ということです。他県ではあまり見ないと思います。(徳島城の緑色片岩も珍しいですけど)

岡豊城高知城は、立地的には近い場所にあります。しかし、非常に城造りに難しい土地です。
この四国地方は、主に海洋プレートが大陸プレートに沈み込む環境で形成されており、世界でも非常にまれな複雑な地質の地域である。
国立研究開発法人産業技術総合研究所 四国に残された日本列島5億年の歴史 -20万分の1地質図幅「高知」(第2版)-
特に、この沈み込み帯では、地下浅部で付加体が、地下深部では変成岩や深成岩が、さらに表層では浅海成層とマグマの噴出による火山岩が形成される
ということになります。高知の地下の話ですが、海洋プレートは、海洋地殻とその下のマントルの一部からなります。

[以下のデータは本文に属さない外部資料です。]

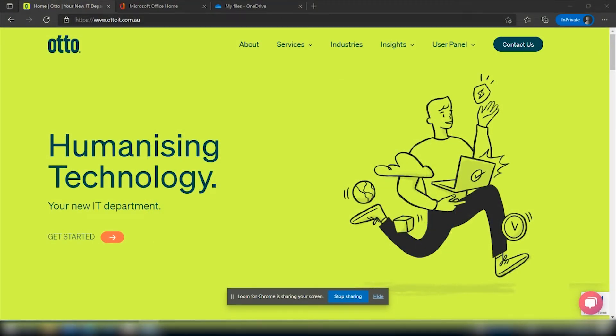Good morning and welcome. My name is John and I'm an account manager here at AutoIT. Who are AutoIT you may ask? We're a people first business focused IT partner and our aim is to humanize technology.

海洋地殻は、海嶺で噴出した玄武岩溶岩の上に、深海堆積物や海山を載せています。
これらの一部は海洋プレートが沈み込むときに、海溝にたまった土砂とともに大陸側に押しつけられ、はぎ取られてしまいます。これを付加作用といい、はぎ取られた地質体を「付加体」といいます。
はぎ取られた土壌が集まった場所、それが高知市周辺。

つまり、この地図では、黄色い部分が「付加体」であり、高知城がある赤いところが「変成岩」、岡豊城がある「火成岩」を表しています。そして、もう少し具体的に岩石を調べてみると、

岡豊城は、超苦鉄質岩である「蛇紋岩」
高知城は、苦鉄質岩である「片麻岩、角閃岩が多い」
ということになります。岡豊城の蛇紋岩は、上部マントル(地下:数10km~400km)が地表に出た物ということです。なかなか他ではみないレア度高めの岩石です。
さらに、この土地は、

地質層の境目は、川があることが多いのですが、高知市周辺では鏡川・久万川・国分川などが存在しています。特に、高知城がある大高坂山は、左隣の丘と繋がっていたように見えます。
実は実際に、江ノ口川による浸食を受け、独立したのが高知城がある「大高坂山」となります。これを「残丘」といい、城を造るには絶好の候補地となります。

岡豊城、高知城の立地は、絶好の場所
がしかし、高知城は、度々水害に悩まされることになります。それは、上の地図からも読み取れます。鏡川と江ノ口川に挟まれた「デルタ地帯」。
長曾我部元親は、岡豊城から大高坂山に本城を移したが、治水に失敗。のちの山内家は「河中山」と命名しましたが、城下町建設を進める過程でも水害に悩まされ、やはり治水に失敗。
そこで、「河中」という名前が不吉だと「高智山」へと改め、やがて「高智」から「高知」へと変化していくのでした。

高知の由来を知りました。
この山城の魅力|3つのポイント
① 体験価値(ウェルネス)
登城路は整備されており、歩行自体の負荷は軽めです。一方で、城域に入ると空間の密度が変わり、「城の中に入った」という感覚がはっきり切り替わります。無理なく身体を動かしながら、意識だけが段階的に引き上げられていくタイプの城です。
② 遺構の固有要素
尾根上に複数の曲輪が連なり、堀切・虎口を挟みながら城域が整理されています。防御線を強調するというより、機能ごとに区画された構成が連続して現れ、歩くにつれて城の全体像が少しずつ理解できる造りでした。
③ 景観・地形の固有性
尾根先端部の曲輪からは、周囲の平野と交通の動線を広く見渡せます。見晴らしの良さそのものが、この場所が担っていた役割を説明しており、視界を通して「支配の位置」が自然に理解できる地形条件でした。
周辺観光・温泉(地域共鳴)
温泉:天然の湯 ながおか温泉(南国市)
城跡見学のあとに、身体をほどく選択肢として近隣に日帰り温泉があります。ナトリウム-塩化物温泉は、塩分を多く含み肌に塩の膜を作るため保温効果が非常に高く「熱の湯」「温まりの湯」と呼ばれ、湯冷めしにくいのが最大の特徴です。
観光地:高知県立歴史民俗資料館
駐車場を共有でき、城跡と合わせて地域史の整理がしやすい場所です。
グルメ:ひろめ市場(高知市)
高知の食をまとめて選べる場として、移動後の立ち寄り先にしやすいです。

こじゃんと飲むが良いがぜよ!

たっすい酒はいかんきね!
免責
本記事は、現地での観察メモをもとに整理し、筆者なりの解釈を加えた記録です。史実の正確性を保証するものではありません。また、整備状況・所要時間・交通手段・施設情報等は変更される可能性がありますので、訪問の際は必ず最新情報をご確認ください。